• _Exercise instructions_
From the line with "Aajkaal Daily (Desh Pardesh Ni Aajkaal)" to the line with "Complete Space Remodeling logo", output every line below exactly, both ends included. Skip the pictures.

━━━━━━

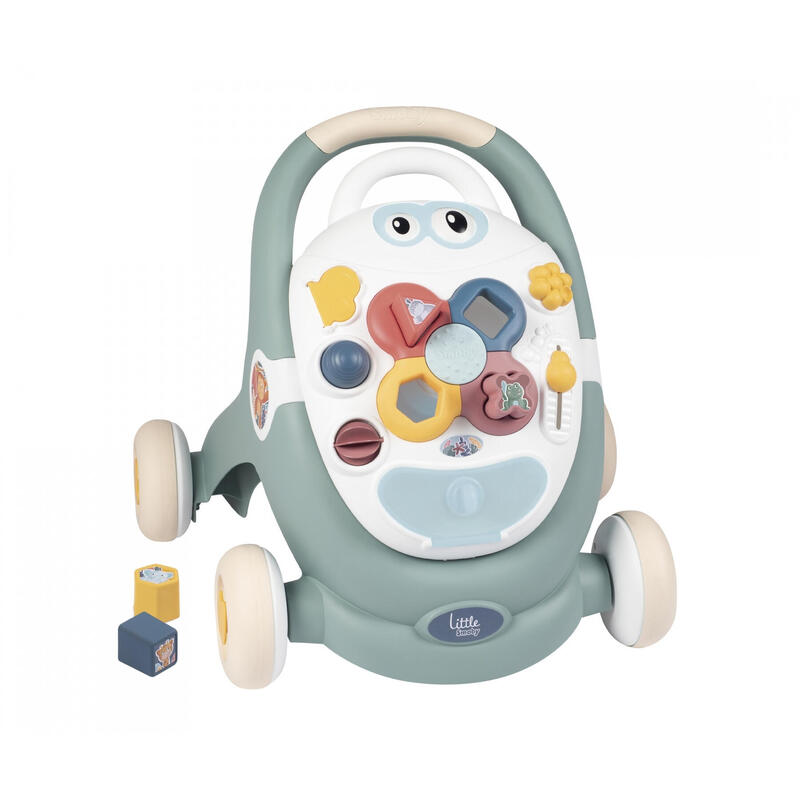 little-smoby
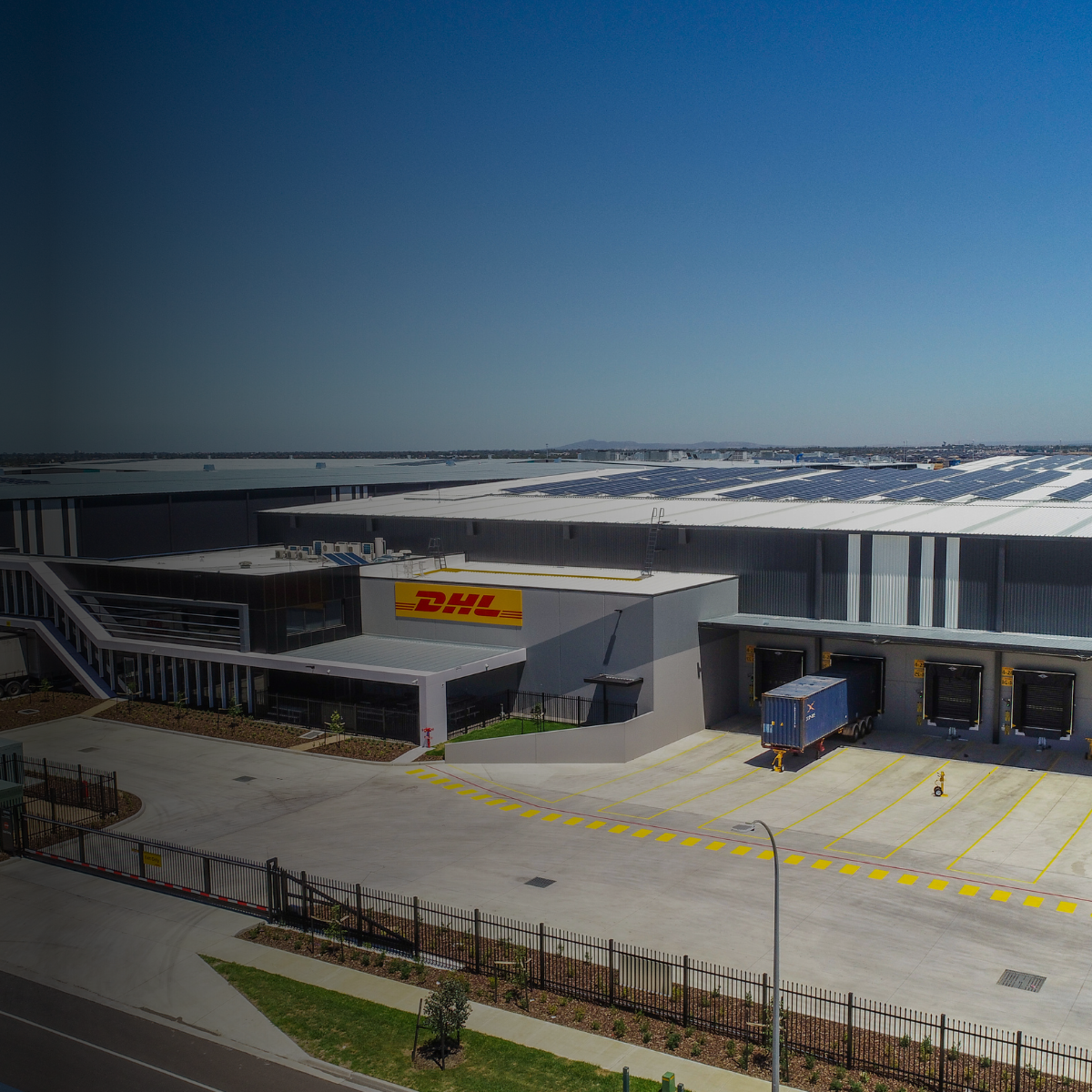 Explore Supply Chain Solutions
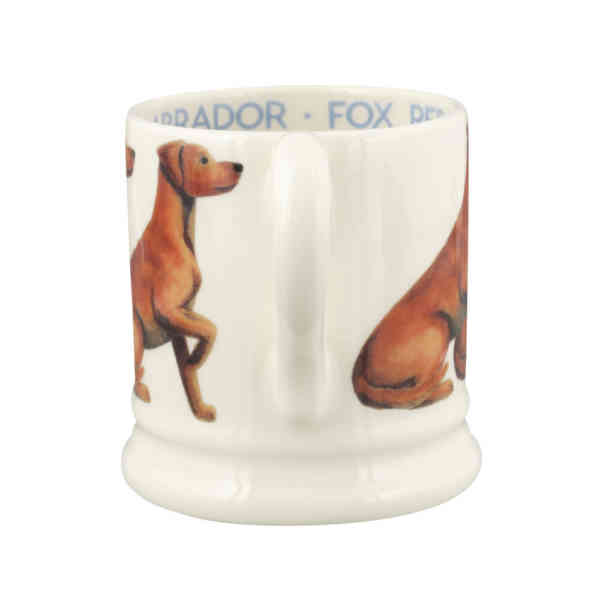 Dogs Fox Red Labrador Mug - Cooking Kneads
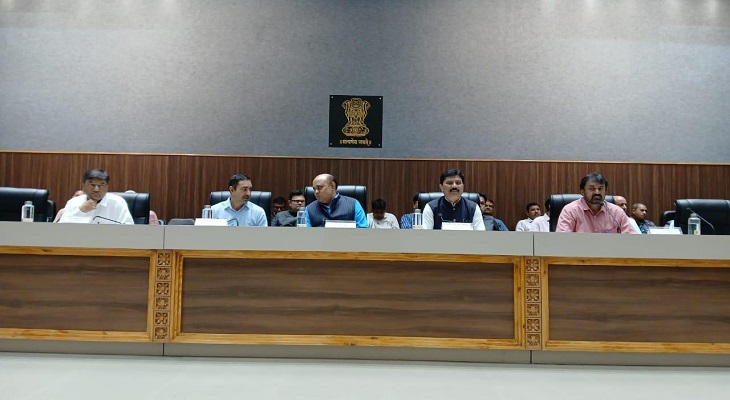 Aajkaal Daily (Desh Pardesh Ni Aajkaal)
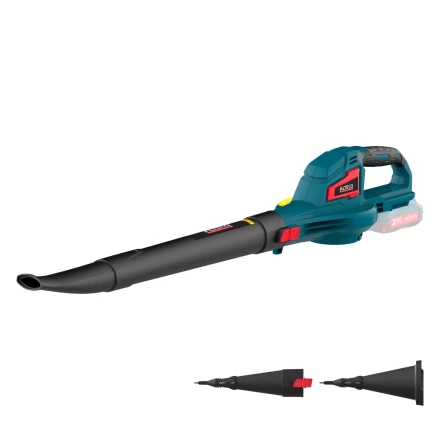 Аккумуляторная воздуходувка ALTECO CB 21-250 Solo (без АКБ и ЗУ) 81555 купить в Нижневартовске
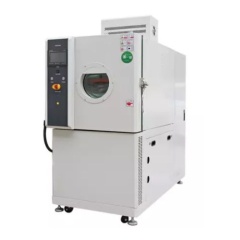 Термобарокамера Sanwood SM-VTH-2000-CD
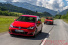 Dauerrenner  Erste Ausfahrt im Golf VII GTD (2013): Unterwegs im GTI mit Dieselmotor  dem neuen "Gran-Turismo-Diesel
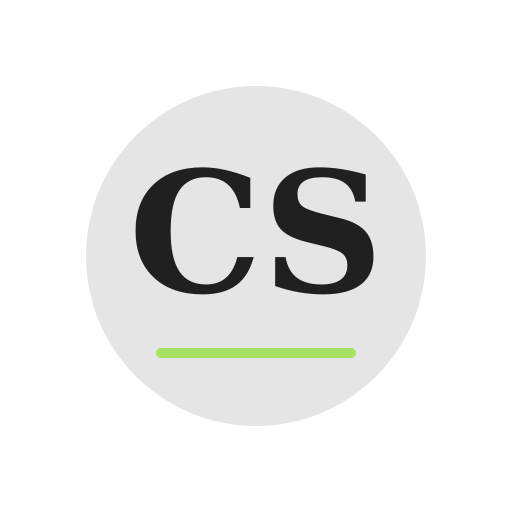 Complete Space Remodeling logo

━━━━━━

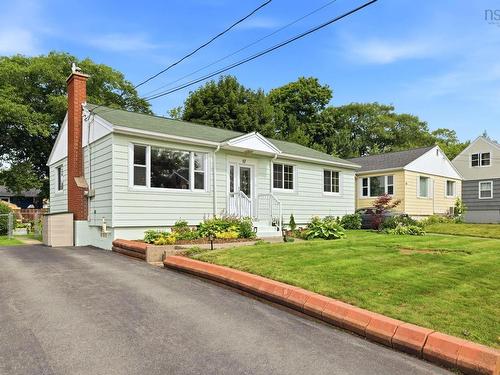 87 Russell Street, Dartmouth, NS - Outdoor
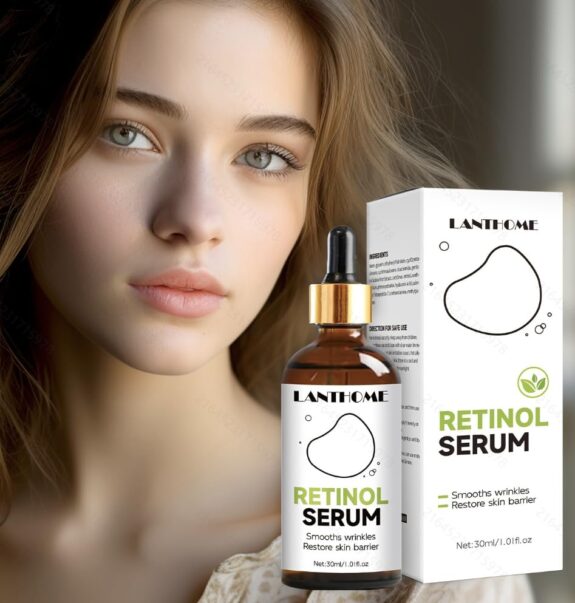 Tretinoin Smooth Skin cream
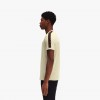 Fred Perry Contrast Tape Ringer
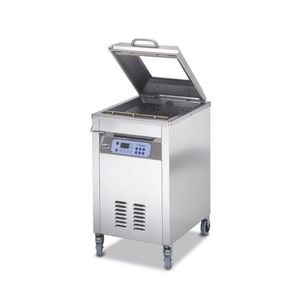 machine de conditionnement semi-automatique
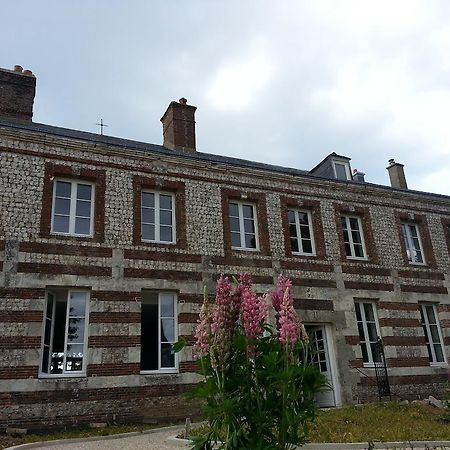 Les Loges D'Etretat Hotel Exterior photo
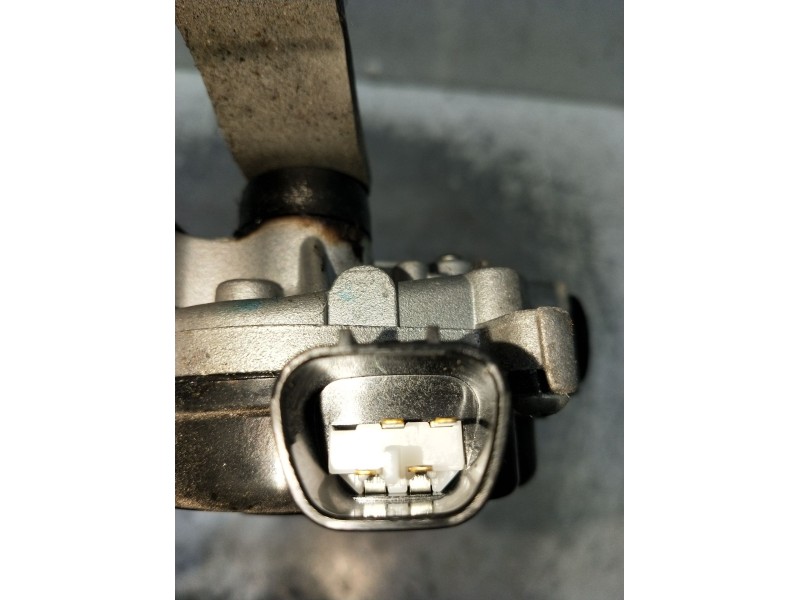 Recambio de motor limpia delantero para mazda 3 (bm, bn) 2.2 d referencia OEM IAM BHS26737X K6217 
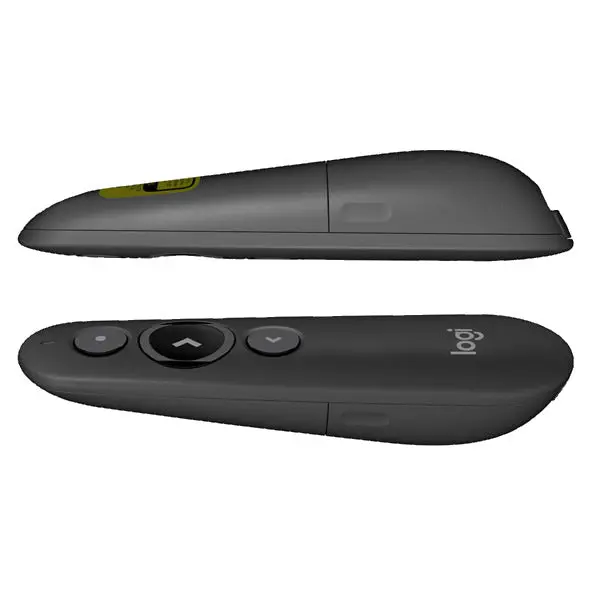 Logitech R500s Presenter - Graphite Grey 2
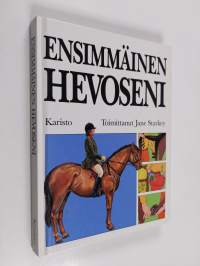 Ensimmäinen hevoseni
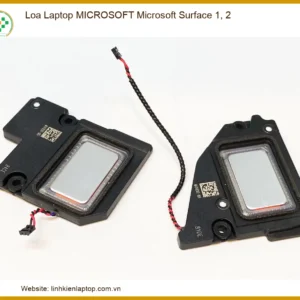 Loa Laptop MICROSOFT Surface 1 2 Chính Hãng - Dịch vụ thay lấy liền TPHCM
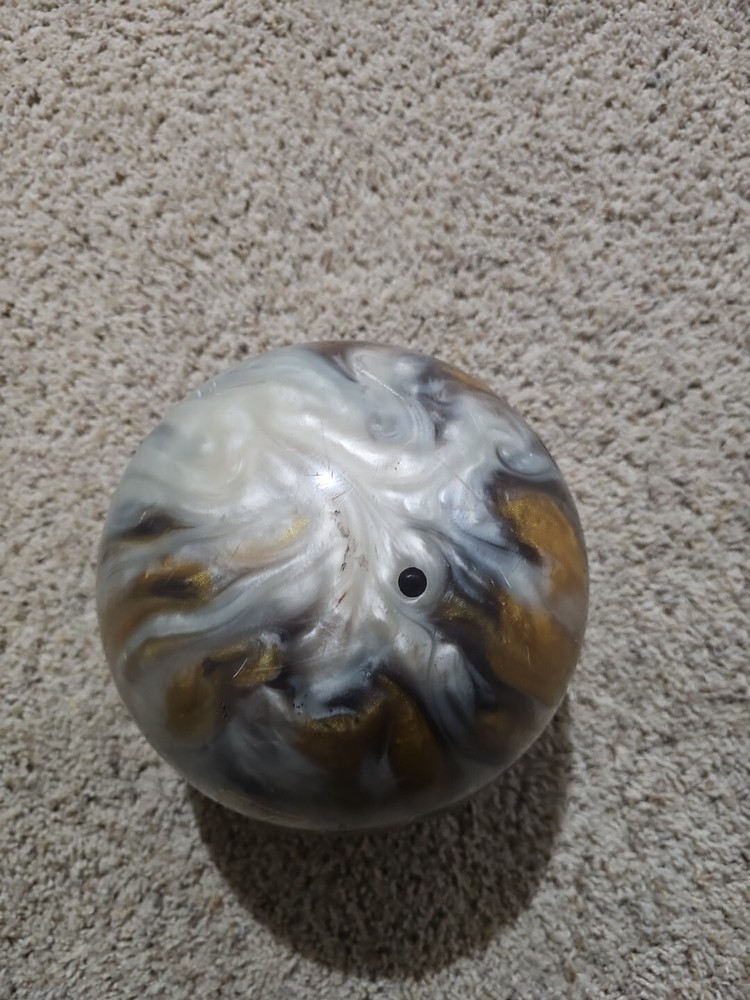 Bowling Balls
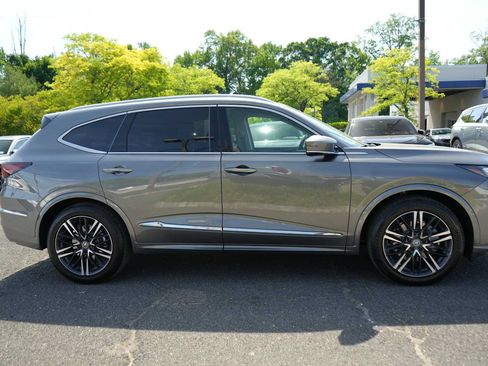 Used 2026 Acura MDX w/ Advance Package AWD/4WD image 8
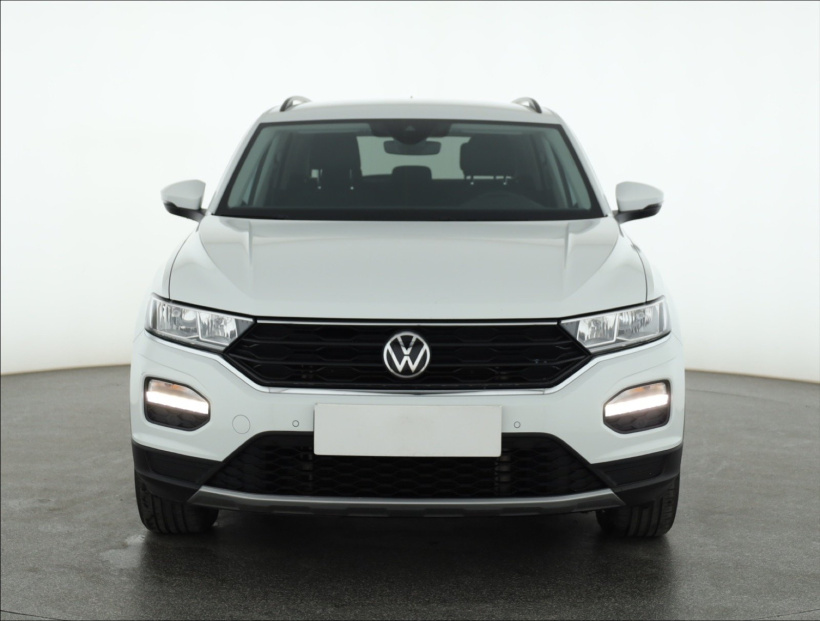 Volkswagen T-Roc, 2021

━━━━━━

• _Written reply_
 Aajkaal Daily (Desh Pardesh Ni Aajkaal)
 Аккумуляторная воздуходувка ALTECO CB 21-250 Solo (без АКБ и ЗУ) 81555 купить в Нижневартовске
 Термобарокамера Sanwood SM-VTH-2000-CD
 Dauerrenner  Erste Ausfahrt im Golf VII GTD (2013): Unterwegs im GTI mit Dieselmotor  dem neuen "Gran-Turismo-Diesel
 Complete Space Remodeling logo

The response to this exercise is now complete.